Published on

Bringing multilingual Embeddings and Re-ranking to your local/dev environment with BAAI bge-m3 — 8k context length model

  • Name


In the vast expanse of natural language processing (NLP), finding a robust, multilingual model that can effectively handle both embeddings and re-ranking can be akin to searching for a needle in a haystack. Today, I’m thrilled to share a solution that not only addresses this challenge but also offers a swift, easy-to-deploy server for FAST local development and testing purposes.

The problem

As the digital world continues to shrink, the demand for multilingual NLP solutions has skyrocketed. Yet, the availability of models that can accurately understand and process multiple languages, especially for embeddings and re-ranking tasks in the Open Source world, remains very limited. This gap significantly hinders the development of global, inclusive applications. After testing numerous models, the scarcity of efficient, multilingual options became evident, propelling me to search for a better solution.

The solution

Enter the BAAI’s M3 — 8k context length model, a beacon of hope in the multilingual NLP landscape. The model’s proficiency in understanding and processing a wide array of languages is unparalleled. Recognizing its potential, I’ve developed a simple, fast server using FastAPI to serve embeddings and re-ranking services powered by this model. This server is designed for local development and testing, offering a straightforward way to integrate advanced NLP capabilities into your projects.

How it works

The server leverages FastAPI to expose endpoints for generating embeddings and re-ranking, making it incredibly user-friendly for developers. With asynchronous processing and batch handling, it’s built to manage multiple requests efficiently, ensuring that even in a local development environment, you experience optimal performance.

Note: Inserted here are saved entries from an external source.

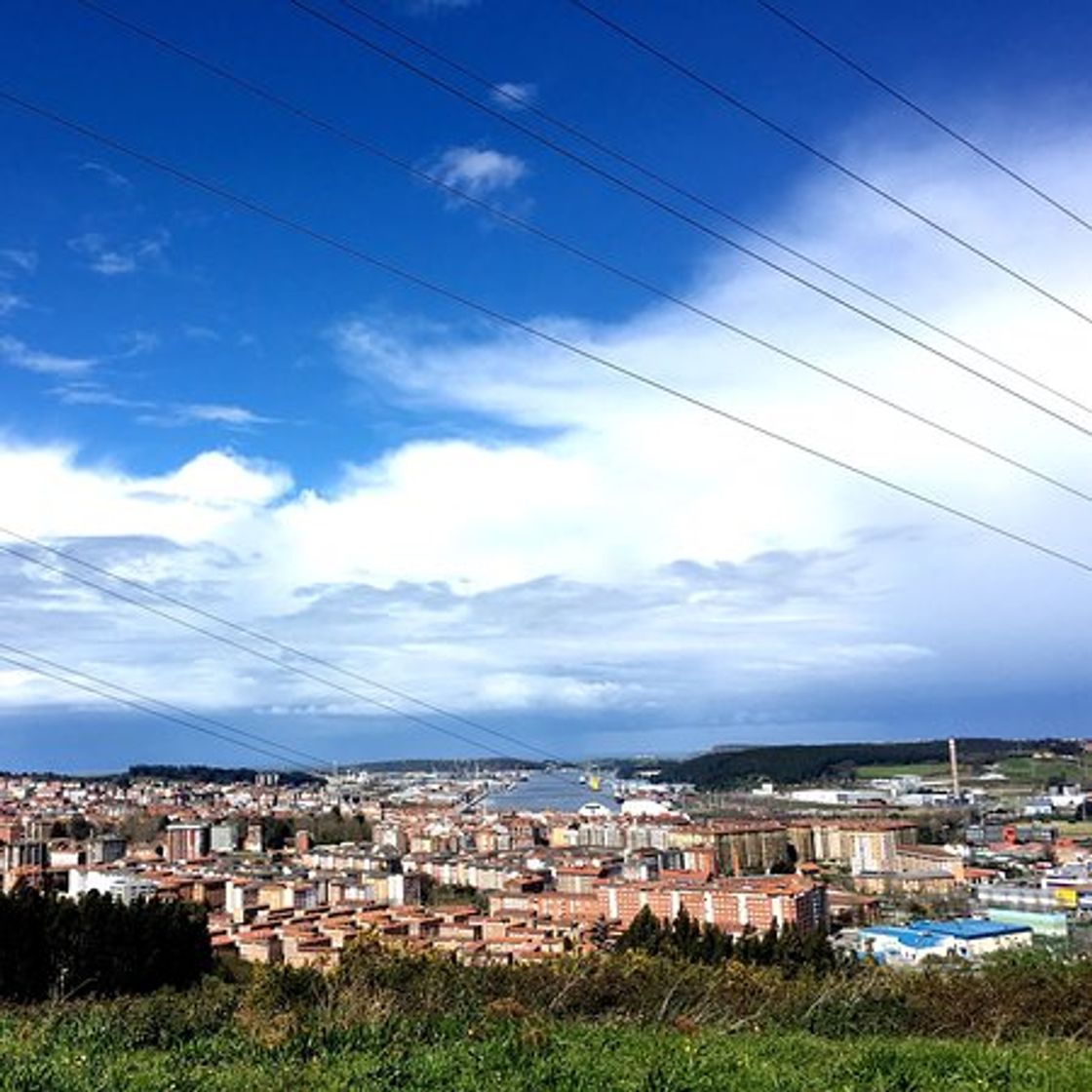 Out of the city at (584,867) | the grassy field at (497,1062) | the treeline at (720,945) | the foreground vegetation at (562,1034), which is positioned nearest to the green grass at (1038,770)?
the city at (584,867)

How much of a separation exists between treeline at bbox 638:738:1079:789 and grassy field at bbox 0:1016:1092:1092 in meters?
126

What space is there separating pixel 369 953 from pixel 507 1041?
21.6ft

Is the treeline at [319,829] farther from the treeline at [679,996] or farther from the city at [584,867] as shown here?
the treeline at [679,996]

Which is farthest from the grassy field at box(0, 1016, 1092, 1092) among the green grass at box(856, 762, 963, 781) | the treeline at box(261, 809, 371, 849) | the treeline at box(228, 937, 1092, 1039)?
the green grass at box(856, 762, 963, 781)

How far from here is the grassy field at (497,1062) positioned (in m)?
4.38

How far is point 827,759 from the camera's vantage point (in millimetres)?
138625

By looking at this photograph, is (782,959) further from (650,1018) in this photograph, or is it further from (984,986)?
(650,1018)

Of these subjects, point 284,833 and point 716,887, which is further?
point 284,833

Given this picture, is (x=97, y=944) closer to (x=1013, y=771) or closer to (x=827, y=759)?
(x=1013, y=771)

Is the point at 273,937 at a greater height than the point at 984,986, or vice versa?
the point at 984,986

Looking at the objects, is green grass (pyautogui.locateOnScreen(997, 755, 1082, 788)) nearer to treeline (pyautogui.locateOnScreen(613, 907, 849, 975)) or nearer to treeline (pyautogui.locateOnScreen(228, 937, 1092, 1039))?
treeline (pyautogui.locateOnScreen(613, 907, 849, 975))

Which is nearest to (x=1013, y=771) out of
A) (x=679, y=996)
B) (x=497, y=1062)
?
(x=679, y=996)

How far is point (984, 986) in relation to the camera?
973 cm

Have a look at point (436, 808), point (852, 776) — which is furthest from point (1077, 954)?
point (852, 776) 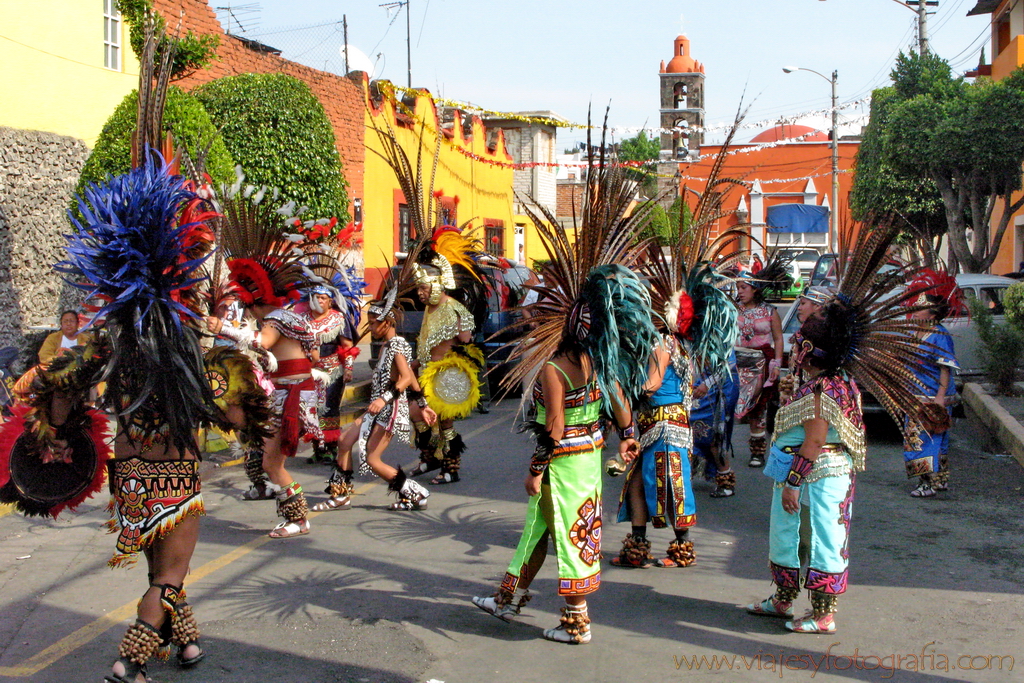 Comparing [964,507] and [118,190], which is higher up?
[118,190]

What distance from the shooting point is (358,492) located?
8078 mm

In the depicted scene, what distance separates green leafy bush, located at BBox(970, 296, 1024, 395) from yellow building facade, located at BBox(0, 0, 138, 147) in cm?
1243

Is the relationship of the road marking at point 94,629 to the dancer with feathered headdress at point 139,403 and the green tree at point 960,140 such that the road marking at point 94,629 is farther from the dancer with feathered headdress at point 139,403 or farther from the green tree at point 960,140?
the green tree at point 960,140

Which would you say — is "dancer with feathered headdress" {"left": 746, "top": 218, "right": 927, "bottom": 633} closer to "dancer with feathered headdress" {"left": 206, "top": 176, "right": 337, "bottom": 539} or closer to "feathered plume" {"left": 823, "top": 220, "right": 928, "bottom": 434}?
"feathered plume" {"left": 823, "top": 220, "right": 928, "bottom": 434}

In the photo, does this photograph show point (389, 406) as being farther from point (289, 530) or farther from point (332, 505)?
point (289, 530)

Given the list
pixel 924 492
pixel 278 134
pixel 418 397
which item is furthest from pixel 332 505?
pixel 278 134

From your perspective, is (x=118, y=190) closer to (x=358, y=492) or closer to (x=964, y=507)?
(x=358, y=492)

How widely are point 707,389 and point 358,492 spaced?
120 inches

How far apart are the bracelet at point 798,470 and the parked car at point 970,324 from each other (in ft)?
21.1

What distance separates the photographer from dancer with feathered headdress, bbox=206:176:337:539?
21.3 feet

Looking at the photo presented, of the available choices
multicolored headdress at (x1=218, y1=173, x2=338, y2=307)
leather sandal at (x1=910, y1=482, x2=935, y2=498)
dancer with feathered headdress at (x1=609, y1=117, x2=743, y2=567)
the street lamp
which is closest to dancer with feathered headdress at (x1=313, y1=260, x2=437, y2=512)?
multicolored headdress at (x1=218, y1=173, x2=338, y2=307)

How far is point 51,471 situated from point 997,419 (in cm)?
960

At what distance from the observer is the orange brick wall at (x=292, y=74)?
52.5 ft

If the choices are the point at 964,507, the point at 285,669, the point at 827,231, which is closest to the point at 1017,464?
the point at 964,507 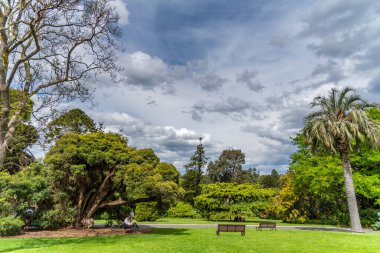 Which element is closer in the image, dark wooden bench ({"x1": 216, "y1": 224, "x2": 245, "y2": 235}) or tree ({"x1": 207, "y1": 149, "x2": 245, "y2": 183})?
dark wooden bench ({"x1": 216, "y1": 224, "x2": 245, "y2": 235})

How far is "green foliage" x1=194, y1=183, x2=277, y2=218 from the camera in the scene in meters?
36.9

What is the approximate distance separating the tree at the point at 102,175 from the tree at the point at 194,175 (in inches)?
1234

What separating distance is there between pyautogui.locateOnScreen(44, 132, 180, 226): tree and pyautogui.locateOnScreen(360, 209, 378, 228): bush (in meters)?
18.8

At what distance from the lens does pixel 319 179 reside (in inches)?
1131

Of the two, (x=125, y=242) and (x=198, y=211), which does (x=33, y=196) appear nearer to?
(x=125, y=242)

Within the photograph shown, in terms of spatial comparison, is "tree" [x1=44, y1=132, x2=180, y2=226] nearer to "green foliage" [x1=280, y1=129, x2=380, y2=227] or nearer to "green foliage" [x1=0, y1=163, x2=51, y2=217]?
"green foliage" [x1=0, y1=163, x2=51, y2=217]

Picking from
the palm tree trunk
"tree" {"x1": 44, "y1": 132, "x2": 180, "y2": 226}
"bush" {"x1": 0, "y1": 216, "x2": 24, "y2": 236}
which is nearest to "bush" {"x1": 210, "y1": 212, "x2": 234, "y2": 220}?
the palm tree trunk

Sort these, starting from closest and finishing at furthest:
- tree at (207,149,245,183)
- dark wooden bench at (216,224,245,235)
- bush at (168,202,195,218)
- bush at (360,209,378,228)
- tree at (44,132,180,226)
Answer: dark wooden bench at (216,224,245,235)
tree at (44,132,180,226)
bush at (360,209,378,228)
bush at (168,202,195,218)
tree at (207,149,245,183)

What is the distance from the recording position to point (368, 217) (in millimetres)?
28891

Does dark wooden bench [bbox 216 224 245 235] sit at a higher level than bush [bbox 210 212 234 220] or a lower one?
lower

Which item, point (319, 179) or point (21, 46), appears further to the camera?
point (319, 179)

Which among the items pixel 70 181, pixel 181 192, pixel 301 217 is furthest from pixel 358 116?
pixel 70 181

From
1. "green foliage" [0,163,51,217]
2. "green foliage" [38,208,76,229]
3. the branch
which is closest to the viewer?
"green foliage" [0,163,51,217]

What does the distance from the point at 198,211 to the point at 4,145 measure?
32.1 meters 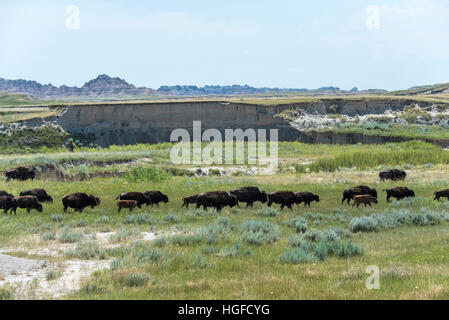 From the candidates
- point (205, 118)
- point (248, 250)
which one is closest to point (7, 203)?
point (248, 250)

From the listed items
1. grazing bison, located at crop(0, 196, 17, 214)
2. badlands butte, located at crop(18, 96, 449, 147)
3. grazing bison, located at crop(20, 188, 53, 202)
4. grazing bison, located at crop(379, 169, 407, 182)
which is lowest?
grazing bison, located at crop(379, 169, 407, 182)

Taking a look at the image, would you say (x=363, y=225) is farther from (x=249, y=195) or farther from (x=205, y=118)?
(x=205, y=118)

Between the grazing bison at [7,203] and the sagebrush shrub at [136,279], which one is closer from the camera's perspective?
the sagebrush shrub at [136,279]

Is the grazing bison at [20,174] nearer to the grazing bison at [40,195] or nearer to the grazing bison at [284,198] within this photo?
the grazing bison at [40,195]

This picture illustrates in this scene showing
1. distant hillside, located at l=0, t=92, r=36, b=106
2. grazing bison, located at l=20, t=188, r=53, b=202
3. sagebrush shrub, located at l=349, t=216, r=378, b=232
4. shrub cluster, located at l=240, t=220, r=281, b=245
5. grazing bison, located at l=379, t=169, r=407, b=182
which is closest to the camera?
shrub cluster, located at l=240, t=220, r=281, b=245

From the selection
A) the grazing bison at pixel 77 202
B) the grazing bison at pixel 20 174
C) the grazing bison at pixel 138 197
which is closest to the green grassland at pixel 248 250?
the grazing bison at pixel 77 202

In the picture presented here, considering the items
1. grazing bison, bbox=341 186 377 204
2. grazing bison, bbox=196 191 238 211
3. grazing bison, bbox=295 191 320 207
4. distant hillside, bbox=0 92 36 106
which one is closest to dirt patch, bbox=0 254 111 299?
grazing bison, bbox=196 191 238 211

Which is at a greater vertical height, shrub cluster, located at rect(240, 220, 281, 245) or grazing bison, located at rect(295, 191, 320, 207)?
shrub cluster, located at rect(240, 220, 281, 245)

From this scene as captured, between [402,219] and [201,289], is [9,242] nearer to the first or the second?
[201,289]

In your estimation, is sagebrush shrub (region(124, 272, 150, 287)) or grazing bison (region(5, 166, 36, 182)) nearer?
sagebrush shrub (region(124, 272, 150, 287))

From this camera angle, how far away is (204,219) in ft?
54.4

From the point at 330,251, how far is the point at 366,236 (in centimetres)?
272

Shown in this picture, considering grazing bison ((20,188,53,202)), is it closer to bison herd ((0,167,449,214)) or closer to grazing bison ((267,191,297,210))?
bison herd ((0,167,449,214)) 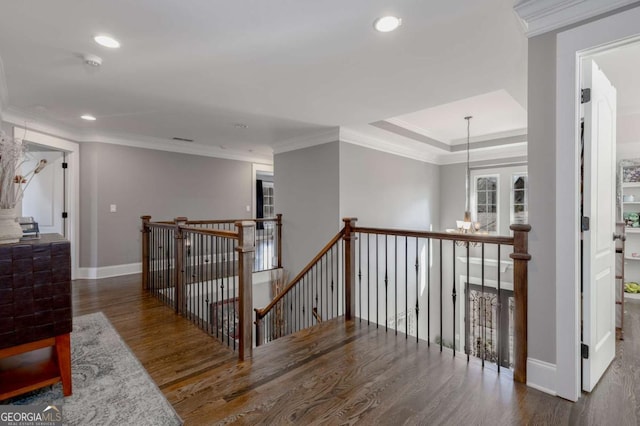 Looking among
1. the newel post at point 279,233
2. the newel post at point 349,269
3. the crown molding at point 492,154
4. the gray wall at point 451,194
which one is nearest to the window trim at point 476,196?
the gray wall at point 451,194

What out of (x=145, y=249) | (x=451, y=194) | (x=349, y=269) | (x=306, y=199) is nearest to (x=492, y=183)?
(x=451, y=194)

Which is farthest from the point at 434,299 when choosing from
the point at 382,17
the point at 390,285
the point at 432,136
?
the point at 382,17

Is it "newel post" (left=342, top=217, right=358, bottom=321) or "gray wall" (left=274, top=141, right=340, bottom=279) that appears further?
"gray wall" (left=274, top=141, right=340, bottom=279)

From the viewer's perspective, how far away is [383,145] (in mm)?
5344

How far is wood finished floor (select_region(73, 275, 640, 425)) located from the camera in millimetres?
1685

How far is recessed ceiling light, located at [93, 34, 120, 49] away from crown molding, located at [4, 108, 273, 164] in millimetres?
2669

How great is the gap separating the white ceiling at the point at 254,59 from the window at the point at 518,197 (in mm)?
2515

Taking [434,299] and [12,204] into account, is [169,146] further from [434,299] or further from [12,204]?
[434,299]

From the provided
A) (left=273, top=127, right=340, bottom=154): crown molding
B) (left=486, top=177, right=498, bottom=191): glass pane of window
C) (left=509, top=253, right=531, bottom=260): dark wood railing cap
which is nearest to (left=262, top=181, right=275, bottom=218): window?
(left=273, top=127, right=340, bottom=154): crown molding

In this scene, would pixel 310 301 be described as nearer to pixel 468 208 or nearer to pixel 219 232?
pixel 219 232

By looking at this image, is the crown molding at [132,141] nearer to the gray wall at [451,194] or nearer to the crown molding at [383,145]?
the crown molding at [383,145]

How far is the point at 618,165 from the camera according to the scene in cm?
405

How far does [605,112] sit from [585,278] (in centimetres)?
114

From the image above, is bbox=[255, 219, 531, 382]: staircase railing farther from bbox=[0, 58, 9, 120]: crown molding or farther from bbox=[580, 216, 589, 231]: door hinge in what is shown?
bbox=[0, 58, 9, 120]: crown molding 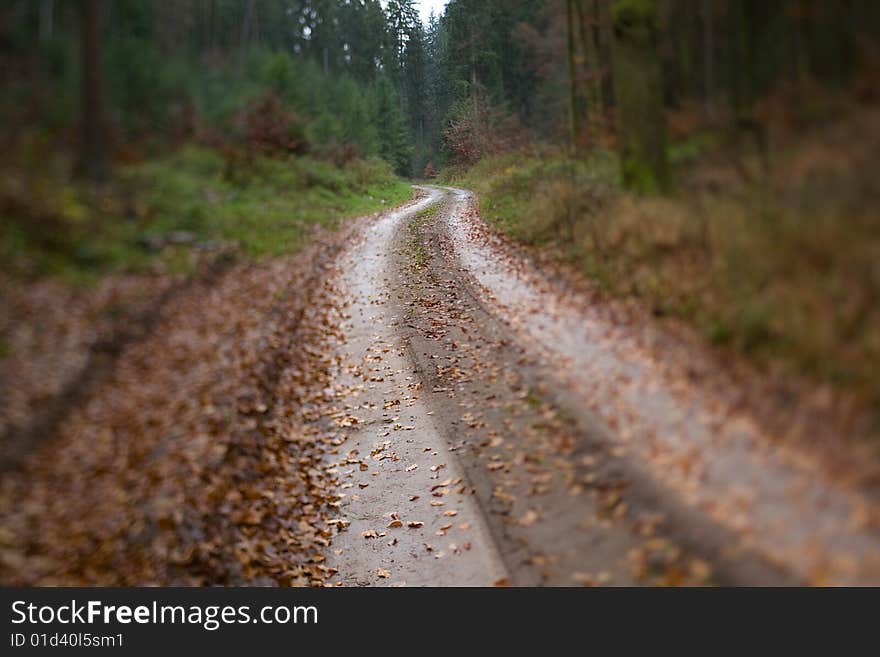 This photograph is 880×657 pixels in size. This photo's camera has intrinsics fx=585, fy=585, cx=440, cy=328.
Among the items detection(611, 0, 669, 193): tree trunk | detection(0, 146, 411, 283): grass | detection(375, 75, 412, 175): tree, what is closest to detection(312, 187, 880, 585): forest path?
detection(611, 0, 669, 193): tree trunk

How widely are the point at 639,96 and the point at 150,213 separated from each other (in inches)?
198

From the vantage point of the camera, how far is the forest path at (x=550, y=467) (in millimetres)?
3625

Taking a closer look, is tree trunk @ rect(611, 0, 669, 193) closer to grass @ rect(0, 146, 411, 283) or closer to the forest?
the forest

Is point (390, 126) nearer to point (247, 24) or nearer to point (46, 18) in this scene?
point (247, 24)

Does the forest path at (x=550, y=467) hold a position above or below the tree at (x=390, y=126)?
below

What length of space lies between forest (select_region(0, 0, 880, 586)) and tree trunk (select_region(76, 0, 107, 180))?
3cm

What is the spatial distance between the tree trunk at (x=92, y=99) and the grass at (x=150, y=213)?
173mm

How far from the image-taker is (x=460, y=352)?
10008mm

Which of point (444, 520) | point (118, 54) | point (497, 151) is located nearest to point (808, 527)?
point (444, 520)

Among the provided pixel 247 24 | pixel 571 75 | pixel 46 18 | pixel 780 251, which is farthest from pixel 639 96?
pixel 46 18

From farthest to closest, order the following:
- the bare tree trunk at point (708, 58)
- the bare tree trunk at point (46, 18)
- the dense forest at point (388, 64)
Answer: the bare tree trunk at point (708, 58) → the bare tree trunk at point (46, 18) → the dense forest at point (388, 64)

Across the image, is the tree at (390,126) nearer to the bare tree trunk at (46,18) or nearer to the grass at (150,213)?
the grass at (150,213)

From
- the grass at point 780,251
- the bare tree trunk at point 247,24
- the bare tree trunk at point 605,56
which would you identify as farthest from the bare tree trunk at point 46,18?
the bare tree trunk at point 605,56

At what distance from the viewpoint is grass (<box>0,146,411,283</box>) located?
4422mm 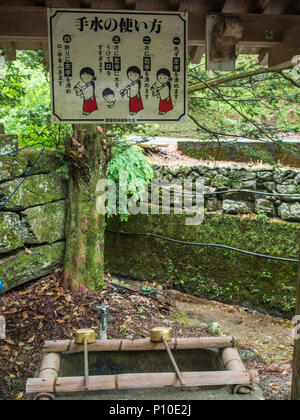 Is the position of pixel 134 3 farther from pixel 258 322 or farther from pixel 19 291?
pixel 258 322

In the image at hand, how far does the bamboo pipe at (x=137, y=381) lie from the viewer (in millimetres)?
3062

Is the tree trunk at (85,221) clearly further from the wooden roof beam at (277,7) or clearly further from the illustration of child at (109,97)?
the wooden roof beam at (277,7)

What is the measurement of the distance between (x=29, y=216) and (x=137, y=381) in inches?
134

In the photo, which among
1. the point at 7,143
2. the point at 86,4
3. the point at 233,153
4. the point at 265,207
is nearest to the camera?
the point at 86,4

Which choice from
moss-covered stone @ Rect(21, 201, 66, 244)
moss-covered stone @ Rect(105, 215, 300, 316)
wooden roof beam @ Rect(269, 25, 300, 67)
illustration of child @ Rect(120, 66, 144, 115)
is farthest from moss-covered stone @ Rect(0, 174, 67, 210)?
wooden roof beam @ Rect(269, 25, 300, 67)

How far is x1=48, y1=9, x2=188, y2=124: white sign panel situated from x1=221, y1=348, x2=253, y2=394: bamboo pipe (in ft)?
7.79

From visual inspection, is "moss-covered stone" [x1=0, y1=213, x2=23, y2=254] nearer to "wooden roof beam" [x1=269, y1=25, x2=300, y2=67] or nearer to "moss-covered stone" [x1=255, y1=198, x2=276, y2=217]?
"wooden roof beam" [x1=269, y1=25, x2=300, y2=67]

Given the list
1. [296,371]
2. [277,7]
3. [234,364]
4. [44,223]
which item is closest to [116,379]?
[234,364]

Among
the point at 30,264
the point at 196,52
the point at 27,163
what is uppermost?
the point at 196,52

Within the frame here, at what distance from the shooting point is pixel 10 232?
17.9 ft

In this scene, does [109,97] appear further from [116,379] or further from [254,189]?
[254,189]

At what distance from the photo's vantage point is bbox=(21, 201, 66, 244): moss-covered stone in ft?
18.9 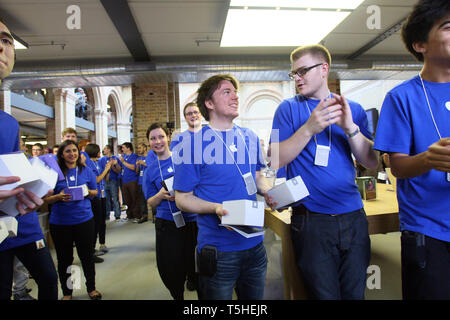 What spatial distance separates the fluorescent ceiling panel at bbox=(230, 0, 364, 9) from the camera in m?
3.60

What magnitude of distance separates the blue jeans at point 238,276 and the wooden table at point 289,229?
0.46 metres

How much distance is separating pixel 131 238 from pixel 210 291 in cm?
412

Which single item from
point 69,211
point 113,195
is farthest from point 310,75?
point 113,195

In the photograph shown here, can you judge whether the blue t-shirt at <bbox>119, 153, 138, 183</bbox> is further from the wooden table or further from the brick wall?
the wooden table

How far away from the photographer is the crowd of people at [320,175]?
957 millimetres

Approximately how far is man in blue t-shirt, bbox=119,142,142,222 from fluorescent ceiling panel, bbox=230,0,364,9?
4221 mm

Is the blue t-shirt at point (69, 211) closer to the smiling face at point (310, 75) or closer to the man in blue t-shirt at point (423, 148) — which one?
the smiling face at point (310, 75)

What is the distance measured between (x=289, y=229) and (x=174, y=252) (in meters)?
0.89

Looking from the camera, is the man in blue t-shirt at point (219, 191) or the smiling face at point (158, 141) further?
the smiling face at point (158, 141)

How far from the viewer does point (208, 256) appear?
1.19m

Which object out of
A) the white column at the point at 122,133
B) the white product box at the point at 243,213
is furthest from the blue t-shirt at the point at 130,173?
the white column at the point at 122,133

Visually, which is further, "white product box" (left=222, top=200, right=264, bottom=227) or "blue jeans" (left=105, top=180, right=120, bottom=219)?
"blue jeans" (left=105, top=180, right=120, bottom=219)

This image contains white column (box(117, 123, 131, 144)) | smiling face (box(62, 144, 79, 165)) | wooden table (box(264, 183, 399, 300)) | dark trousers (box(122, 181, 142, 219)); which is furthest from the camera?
white column (box(117, 123, 131, 144))

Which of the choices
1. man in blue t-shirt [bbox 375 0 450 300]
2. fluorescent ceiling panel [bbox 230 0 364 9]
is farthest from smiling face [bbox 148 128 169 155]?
fluorescent ceiling panel [bbox 230 0 364 9]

Despite its simplicity, this server is packed with powerful features designed to maximize efficiency and performance for local development and testing. Here are a few highlights:

  • Asynchronous Processing: Utilizing FastAPI’s asynchronous capabilities, the server efficiently handles multiple requests simultaneously, ensuring rapid response times without blocking operations.
  • Dynamic Timeout Handling: To prevent long waits and potential server hang-ups, a dynamic timeout mechanism is in place. This ensures that if a request cannot be processed within a specified timeframe, it’s gracefully handled, and an appropriate response is returned to the client.
  • Intelligent Batching: The server smartly accumulates incoming requests into batches, optimizing the utilization of the M3 model for embeddings and re-ranking tasks. This batching mechanism significantly improves throughput, especially when dealing with high volumes of requests.
  • Flush Mechanism for Batches: A smart flush mechanism ensures that batches are not only processed at regular intervals but also when they reach a certain size. This dual-condition approach guarantees that the server remains responsive and that requests are processed in a timely manner, enhancing the overall efficiency of the model’s utilization.
  • GPU Utilization and Semaphore Lock: A semaphore lock ensures that GPU access in a secure manner, preventing concurrent access issues.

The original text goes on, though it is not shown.